Under these circumstances, the Court concludes that it cannot rely upon defendants' exhaustion of interfund remedies argument to grant summary judgment against plaintiffs. The Court, therefore, is compelled to REMAND the claims for pension benefits to the fiduciary for its consideration of plaintiffs' additional medical evidence and arguments.

NOTES

[1] Several courts have dealt with the issue of whether ERISA claims are subject to the same exhaustion of grievance-arbitration procedures that claims under the Labor Management Relations Act are. Clearly, employer-union disputes as to the proper funding of a co-sponsored plan implicates traditional issues of labor-management relations and, thus, exhaustion is required. See Bressette Brothers v. International Talc Co., Inc., 527 F.2d 211, 216 (2d Cir.1975). Additionally, other courts have wavered on the question of whether to impose an exhaustion of grievance-arbitration requirement in various settings where the ERISA statute was involved. Cf. Fox v. Merrill Lynch & Co., 453 F. Supp. 561, 565-67 (S.D.N.Y.1978) (multi-faceted action alleging several contractual claims as well as a claim under ERISA against nonfiduciary employer stayed pending outcome of arbitration), and Michota v. Anheuser-Busch, Inc., 526 F. Supp. 299, 320-22 (D.N.J.1980) (same), with Lewis v. Merrill Lynch & Co., 431 F. Supp. 271 (E.D.Pa.1977) (arbitration provision of employment contract not applicable to suit against pension plan fiduciaries for breach of fiduciary duty). See also Waits v. Weller, 653 F.2d 1288, 1292 (9th Cir. 1981) (noting the uncertainty of whether the arbitration requirement applies to ERISA claims grounded on trustee misconduct). None of the cases encountered in the Court's survey of the law, however, has sanctioned the requirement that defendants ask the Court to impose here — that of double exhaustion.

[2] One of these exceptions, existing where there is an inadequate remedy at the hands of the trustees, is inapplicable because of the trustees' unrestrained and exclusive power to award benefits under the Plan.

[3] 29 U.S.C. § 1104(a)(1) provides that:

a fiduciary shall discharge his duties with respect to a plan solely in the interest of the participants and beneficiaries and —

(A) for the exclusive purpose of:

(i) providing benefits to participants and their beneficiaries; and

(ii) defraying reasonable expenses of administering the plan.

[4] The Plan's provisions, as written, are also in full compliance with the time and content of notice requirements delineated by the Department of Labor in guidelines printed at 29 C.F.R. § 2560.503-1(f) (1980). These regulations direct pension trustees to "provide every claimant who is denied a claim for benefits written notice setting forth in a manner calculated to be understood by the claimant:"

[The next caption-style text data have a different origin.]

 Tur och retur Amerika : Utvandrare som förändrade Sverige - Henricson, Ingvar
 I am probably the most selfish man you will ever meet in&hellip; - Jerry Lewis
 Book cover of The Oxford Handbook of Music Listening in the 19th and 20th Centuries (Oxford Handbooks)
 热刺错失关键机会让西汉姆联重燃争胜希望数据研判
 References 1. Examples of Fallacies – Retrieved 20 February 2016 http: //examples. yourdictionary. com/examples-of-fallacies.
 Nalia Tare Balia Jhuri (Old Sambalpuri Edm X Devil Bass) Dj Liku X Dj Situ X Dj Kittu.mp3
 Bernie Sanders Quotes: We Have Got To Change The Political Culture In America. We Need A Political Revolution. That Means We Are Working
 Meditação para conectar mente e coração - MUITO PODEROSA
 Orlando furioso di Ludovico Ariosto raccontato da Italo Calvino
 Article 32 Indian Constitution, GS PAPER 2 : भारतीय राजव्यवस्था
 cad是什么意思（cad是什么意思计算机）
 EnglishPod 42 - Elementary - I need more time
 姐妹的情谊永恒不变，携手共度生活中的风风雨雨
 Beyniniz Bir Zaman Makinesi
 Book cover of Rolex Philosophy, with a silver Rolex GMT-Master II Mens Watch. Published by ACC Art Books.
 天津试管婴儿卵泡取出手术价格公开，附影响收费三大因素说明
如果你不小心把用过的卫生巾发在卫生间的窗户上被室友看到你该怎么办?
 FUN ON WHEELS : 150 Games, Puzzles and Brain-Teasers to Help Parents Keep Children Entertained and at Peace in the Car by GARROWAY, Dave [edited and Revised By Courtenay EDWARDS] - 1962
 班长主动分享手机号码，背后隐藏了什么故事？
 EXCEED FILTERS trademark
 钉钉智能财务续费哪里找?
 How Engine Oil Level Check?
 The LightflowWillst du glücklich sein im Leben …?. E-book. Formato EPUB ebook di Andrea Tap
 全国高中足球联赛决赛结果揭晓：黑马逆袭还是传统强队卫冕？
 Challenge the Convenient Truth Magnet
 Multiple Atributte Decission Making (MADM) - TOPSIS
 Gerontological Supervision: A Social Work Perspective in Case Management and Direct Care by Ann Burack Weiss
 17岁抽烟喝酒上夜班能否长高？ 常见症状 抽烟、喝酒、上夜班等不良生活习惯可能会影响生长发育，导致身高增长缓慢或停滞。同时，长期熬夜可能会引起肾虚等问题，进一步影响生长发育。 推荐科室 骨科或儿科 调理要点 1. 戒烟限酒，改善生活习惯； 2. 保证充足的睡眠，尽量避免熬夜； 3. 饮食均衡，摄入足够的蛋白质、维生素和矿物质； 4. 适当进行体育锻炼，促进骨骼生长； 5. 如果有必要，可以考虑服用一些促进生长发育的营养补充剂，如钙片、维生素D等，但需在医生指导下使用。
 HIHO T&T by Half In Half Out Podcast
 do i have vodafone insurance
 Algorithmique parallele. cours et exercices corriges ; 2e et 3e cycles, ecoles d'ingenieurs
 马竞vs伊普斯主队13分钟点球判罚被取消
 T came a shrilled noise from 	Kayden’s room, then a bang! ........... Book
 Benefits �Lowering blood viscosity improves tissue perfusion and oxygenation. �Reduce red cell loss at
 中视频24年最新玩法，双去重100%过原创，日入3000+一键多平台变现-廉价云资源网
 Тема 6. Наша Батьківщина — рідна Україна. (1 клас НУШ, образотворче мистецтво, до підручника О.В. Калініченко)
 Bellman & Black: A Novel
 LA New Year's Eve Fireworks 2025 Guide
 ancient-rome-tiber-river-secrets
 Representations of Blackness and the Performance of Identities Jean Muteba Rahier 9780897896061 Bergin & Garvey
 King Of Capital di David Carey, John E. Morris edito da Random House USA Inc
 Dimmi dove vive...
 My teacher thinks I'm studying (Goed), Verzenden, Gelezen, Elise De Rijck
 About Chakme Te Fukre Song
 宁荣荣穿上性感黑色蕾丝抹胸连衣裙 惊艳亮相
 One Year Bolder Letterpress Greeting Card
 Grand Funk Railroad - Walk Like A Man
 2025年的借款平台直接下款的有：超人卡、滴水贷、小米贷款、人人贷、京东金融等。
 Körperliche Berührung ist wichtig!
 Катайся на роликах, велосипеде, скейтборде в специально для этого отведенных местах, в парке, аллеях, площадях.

(1) the specific reason for the denial;

(2) specific reference to pertinent plan provisions on which the denial is based;

(3) a description of any additional material or information necessary for the claimant to perfect the claim and an explanation of why such material is necessary; and

(4) appropriate information as to the steps to be taken if the participant or beneficiary wishes to submit his or her claim for review.

[5] On December 2, 1982, plaintiff Brown's counsel sent a threatening letter to the Board or its representative. The letter asserted that if Brown's pension was not immediately forthcoming there would be no choice but to file a lawsuit. Apparently, the Board did not treat the letter as an appeal from its denial.

[6] For example, with respect to the denial of Brown's application for disability benefits, the Board relied upon a form letter executed by Brown which purported effectively to end his participation under the Plan. Before this Court, however, defendants assert Brown's lack of member status at the time he applied for benefits as grounds for the Board's decision.